The influence of organic matter in reducing the destabilization of soil by simulated tillage

Abstract

Different agricultural practices can result in a decline in soil organic carbon (SOC) and a consequent reduction in soil structural stability. Experiments were conducted on soils with a range of SOC values, to quantify the destabilizing effects of increased tillage intensity. Different tillage intensity was simulated with the use of a falling weight, where specific energy levels, similar to those experienced during tillage, were reproduced. The level of destabilization was assessed by the quantity of mechanically dispersed clay (using a turbidimetric technique) and the quantity of water-stable aggregates (WSA) > 0.25 mm remaining after being shaken in water.

The quantity of clay dispersed increased with increasing water content, in the absence of any mechanical pretreatment, the rate of increase rising sharply with declining SOC. Following simulated tillage, and at water contents above the plastic limit, clay dispersion increased in proportion to the energy of disruption, and also increased with decreasing SOC levels. Below the plastic limit all the soils were relatively insensitive to mechanical disruption. A simple empirical model was derived to link clay dispersion to SOC, water content and energy of disruption.

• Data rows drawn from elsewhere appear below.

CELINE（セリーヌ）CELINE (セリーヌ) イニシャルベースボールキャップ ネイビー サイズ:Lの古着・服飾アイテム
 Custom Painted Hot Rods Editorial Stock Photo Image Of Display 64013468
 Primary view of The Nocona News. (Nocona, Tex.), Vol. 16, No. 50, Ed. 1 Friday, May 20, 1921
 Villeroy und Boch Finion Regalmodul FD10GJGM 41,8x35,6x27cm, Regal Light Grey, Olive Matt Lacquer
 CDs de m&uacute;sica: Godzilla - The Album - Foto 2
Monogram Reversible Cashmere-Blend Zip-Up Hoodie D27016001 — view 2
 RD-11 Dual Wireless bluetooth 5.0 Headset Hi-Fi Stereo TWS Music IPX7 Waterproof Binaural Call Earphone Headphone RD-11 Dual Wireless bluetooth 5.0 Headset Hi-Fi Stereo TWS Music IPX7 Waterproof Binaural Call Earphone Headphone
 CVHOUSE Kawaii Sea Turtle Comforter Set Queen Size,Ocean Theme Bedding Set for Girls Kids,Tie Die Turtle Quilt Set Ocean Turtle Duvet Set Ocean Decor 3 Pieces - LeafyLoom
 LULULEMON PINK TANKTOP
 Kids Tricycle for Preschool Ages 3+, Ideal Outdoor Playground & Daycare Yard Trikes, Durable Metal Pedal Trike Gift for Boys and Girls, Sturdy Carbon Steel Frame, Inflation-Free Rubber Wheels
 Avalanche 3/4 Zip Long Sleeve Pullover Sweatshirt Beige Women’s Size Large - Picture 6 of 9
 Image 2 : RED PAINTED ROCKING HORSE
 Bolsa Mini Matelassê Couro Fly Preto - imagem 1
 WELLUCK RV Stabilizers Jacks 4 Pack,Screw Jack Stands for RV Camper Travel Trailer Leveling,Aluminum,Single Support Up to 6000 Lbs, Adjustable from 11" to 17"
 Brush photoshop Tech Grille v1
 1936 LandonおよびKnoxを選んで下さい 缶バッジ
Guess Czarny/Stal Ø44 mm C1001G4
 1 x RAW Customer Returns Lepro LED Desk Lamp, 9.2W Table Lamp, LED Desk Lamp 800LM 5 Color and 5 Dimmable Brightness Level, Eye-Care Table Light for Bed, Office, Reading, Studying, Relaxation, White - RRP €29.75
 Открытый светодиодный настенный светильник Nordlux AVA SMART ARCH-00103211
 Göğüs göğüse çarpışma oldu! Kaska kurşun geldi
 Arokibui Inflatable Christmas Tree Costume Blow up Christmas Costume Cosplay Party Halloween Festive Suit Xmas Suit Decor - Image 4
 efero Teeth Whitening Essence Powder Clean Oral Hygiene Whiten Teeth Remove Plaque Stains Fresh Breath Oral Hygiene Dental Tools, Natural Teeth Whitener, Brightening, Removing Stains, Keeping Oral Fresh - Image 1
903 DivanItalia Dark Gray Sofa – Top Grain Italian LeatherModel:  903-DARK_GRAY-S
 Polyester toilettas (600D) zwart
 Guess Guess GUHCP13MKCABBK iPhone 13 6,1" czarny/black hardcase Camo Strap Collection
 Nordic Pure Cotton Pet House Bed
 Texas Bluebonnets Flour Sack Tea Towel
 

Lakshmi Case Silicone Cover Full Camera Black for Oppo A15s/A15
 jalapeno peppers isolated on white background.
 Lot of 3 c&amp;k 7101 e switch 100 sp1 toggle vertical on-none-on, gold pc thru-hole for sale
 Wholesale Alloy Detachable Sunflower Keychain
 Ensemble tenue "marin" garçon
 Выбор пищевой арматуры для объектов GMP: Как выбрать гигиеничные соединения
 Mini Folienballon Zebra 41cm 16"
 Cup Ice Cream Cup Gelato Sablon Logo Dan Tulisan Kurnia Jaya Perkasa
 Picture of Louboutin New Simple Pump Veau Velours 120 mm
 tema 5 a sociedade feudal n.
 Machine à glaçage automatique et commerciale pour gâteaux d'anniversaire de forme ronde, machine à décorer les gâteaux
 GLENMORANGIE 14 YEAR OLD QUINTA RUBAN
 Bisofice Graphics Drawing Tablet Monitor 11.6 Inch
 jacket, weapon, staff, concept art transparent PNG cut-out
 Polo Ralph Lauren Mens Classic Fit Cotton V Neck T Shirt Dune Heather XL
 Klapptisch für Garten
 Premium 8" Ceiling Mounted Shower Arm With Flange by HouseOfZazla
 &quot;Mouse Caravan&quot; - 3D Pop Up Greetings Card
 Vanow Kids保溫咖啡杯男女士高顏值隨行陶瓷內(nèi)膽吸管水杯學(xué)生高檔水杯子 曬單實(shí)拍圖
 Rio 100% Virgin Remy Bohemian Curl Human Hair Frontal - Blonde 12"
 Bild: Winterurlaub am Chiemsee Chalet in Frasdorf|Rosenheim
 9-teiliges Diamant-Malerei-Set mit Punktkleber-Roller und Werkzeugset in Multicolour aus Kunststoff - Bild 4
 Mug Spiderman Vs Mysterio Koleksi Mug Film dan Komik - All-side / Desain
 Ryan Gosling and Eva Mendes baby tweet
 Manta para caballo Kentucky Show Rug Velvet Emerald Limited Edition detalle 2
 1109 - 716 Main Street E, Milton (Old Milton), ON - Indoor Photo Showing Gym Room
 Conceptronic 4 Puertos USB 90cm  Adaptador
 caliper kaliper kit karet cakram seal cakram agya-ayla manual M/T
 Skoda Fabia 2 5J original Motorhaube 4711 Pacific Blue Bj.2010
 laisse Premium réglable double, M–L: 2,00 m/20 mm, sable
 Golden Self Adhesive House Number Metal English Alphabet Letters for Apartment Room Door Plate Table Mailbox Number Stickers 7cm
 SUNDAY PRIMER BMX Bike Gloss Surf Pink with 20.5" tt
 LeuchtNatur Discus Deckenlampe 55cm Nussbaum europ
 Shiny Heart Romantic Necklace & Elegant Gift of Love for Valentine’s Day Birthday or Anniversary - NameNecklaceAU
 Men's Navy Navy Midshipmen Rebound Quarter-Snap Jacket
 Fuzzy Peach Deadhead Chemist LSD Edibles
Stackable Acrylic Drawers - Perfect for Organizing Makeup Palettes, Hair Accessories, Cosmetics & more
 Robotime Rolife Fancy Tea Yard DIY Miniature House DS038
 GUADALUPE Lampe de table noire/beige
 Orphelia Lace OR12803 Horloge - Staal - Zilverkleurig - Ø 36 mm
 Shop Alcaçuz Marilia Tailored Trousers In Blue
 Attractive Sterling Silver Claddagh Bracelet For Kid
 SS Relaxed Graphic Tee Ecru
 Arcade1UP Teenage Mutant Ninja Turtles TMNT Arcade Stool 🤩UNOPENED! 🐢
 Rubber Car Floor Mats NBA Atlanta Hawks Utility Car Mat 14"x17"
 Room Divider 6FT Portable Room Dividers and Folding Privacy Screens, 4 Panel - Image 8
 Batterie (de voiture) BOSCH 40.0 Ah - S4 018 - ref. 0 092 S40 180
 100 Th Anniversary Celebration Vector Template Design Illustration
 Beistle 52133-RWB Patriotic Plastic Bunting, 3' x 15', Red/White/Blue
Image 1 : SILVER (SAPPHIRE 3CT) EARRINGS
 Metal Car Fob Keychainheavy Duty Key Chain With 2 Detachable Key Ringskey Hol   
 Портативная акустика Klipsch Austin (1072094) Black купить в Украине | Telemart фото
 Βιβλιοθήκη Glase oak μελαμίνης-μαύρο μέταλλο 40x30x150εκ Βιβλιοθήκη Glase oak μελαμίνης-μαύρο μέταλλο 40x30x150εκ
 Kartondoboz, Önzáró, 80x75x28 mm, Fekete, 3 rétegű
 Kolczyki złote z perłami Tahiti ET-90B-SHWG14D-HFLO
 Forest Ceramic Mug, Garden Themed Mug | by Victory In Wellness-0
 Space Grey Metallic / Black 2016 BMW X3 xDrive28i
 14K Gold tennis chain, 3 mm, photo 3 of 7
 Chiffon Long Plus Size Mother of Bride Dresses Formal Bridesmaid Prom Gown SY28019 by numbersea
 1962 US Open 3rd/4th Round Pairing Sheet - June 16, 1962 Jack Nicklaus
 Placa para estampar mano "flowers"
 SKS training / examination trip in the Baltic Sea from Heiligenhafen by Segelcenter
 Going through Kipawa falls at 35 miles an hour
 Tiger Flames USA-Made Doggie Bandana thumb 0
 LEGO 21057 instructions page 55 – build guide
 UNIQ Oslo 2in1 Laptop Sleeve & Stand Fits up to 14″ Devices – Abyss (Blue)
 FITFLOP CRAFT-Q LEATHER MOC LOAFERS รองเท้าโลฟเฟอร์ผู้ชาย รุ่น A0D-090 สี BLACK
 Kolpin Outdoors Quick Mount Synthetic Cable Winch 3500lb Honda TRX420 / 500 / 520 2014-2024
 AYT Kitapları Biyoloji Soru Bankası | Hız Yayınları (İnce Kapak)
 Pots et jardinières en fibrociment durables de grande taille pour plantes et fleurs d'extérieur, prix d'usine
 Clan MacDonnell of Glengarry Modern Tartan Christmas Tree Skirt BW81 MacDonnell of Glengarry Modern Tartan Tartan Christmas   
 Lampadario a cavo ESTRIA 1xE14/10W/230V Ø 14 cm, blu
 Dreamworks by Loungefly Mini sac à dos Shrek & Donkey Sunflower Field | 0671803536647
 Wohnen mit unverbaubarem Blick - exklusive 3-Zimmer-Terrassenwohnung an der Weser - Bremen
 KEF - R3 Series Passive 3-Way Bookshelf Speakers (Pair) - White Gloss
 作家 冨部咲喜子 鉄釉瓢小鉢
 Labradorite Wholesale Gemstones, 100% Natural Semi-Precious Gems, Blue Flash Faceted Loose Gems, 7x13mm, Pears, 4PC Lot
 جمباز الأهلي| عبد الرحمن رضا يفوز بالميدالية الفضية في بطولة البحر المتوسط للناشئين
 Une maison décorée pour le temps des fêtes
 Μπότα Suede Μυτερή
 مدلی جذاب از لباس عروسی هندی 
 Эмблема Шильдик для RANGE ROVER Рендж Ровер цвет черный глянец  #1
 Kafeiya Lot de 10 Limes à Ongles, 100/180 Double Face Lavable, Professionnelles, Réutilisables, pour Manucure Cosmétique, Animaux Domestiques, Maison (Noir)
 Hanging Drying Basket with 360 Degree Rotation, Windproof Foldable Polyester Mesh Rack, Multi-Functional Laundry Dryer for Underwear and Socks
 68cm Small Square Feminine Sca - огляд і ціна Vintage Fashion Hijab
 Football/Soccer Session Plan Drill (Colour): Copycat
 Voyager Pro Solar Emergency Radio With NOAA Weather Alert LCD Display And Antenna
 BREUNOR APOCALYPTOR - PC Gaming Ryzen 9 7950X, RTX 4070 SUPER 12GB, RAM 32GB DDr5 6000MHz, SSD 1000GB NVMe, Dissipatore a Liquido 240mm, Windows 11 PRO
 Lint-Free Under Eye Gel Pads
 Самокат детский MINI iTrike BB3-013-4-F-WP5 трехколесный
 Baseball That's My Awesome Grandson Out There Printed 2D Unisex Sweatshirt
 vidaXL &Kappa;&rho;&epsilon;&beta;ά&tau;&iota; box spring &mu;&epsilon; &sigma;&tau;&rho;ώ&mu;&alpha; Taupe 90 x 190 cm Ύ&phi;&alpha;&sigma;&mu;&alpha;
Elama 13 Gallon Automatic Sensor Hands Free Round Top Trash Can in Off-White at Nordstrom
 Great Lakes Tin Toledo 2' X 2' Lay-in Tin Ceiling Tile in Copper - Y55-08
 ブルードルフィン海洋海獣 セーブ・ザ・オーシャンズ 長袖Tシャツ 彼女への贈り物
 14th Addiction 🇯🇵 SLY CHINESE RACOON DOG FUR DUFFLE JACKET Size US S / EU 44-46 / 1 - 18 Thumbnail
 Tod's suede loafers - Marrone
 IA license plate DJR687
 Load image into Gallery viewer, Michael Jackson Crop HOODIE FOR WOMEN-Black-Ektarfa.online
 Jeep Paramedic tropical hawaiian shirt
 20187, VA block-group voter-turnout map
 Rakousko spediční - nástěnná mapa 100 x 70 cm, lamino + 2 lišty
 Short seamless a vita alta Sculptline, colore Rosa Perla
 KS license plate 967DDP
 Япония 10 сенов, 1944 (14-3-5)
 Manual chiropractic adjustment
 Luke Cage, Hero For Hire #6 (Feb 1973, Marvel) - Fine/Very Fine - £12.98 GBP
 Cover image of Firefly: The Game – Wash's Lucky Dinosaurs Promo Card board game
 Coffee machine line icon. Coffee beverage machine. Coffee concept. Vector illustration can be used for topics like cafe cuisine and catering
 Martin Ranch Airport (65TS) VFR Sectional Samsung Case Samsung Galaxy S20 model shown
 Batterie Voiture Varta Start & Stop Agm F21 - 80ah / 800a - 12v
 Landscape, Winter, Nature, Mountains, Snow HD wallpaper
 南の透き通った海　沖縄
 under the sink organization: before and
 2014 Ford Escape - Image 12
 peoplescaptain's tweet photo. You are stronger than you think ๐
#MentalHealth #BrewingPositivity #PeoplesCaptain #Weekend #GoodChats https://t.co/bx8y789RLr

The proportion of WSA declined sharply with decreasing SOC, and to a lesser extent following tillage. The quantity of WSA following simulated intensive tillage (300 J kg⁻¹) of grassland (SOC, 2.8–3.2 g (100 g)⁻¹) was greater than that present, prior to tillage from fallow, arable and arable/ley rotation treatments (SOC 1.1–2.5 g (100 g)⁻¹). Aggregate tensile strength was found to be relatively insensitive to differences in SOC. However, variations of strength within treatments, an indicator of soil friability, increased in proportion with SOC. A turbidity index was derived in which the turbidity of natural and remoulded aggregates was compared. Variation of this index with increasing mechanical energy is used as an indicator of the sensitivity of soils to damage during tillage. A visual representation is constructed to link the sensitivity of soils to damage during tillage with both SOC and water potential. These experiments illustrate that management practices, which lead to a long term reduction in SOC, are responsible for an increase in aggregate strength and reduction in stability plus an increase in sensitivity of soils to structural decline following subsequent tillage.